La Vénus à la fourrure par pierreAfeu
Polanski nous ouvre les portes de son théâtre. Après son Carnage raté, vaudeville bourgeois ne reposant que sur la performance des comédiens, il vient frontalement se confronter à la scène, lui qui est aussi acteur de théâtre, avec cette Vénus à la fourrure frissonnante.
Sorte de mise en abyme puissance dix, texte brillant sur le jeu, scénique, amoureux et sexuel, variation sur le trauma de l'enfance, le plaisir de l'avilissement et de la douleur, La Vénus à la fourrure trouve en Polanski son passeur idéal. S'appuyant sur la fidélité sans faille de ses deux interprètes, le cinéaste octogénaire nous livre une partition virtuose.
Le film nous prend au moment où on ne s'y attend pas.
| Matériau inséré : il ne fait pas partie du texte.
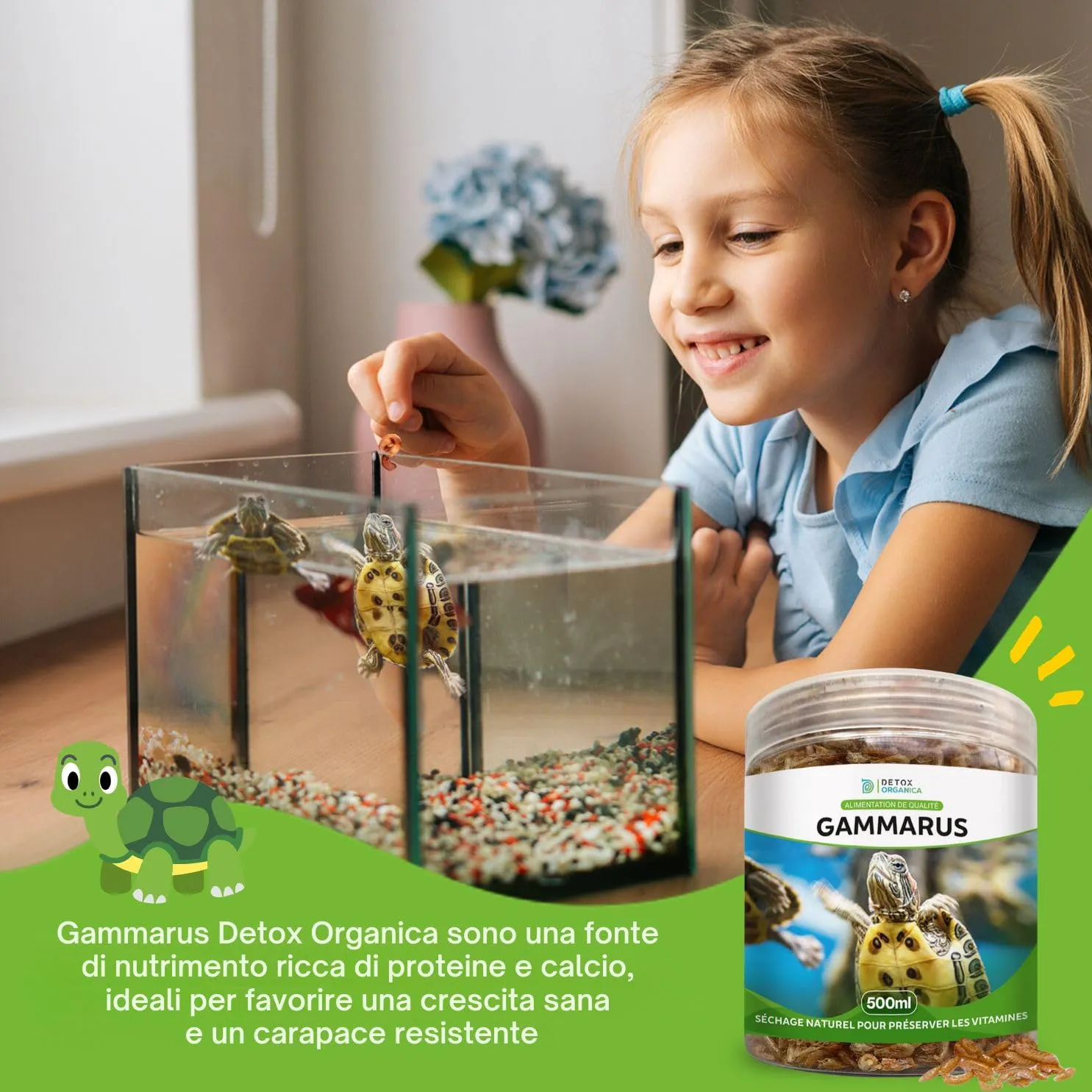 Detox Organica Gammarus Mangime per Tartarughe d'Acqua, 500ml - immagine 2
Les premières minutes sont presque malaisantes : Emmanuelle Seigner en fait des caisses. Elle assure, mais on se demande combien de temps elle tiendra. Et Amalric en pseudo Polanski, que va-t-il nous offrir ? On ne connait pas le texte, on s'inquiète du huis-clos, de ses contingences, de sa vacuité. Et puis Emmanuelle-Vanda récite la première phrase de la pièce qu'elle est venue auditionner, Mathieu-Thomas lève les yeux d'effarement, un premier frisson nous étreint. Il se passe quelque-chose. Polanski nous tient. Il ne nous lâchera pas.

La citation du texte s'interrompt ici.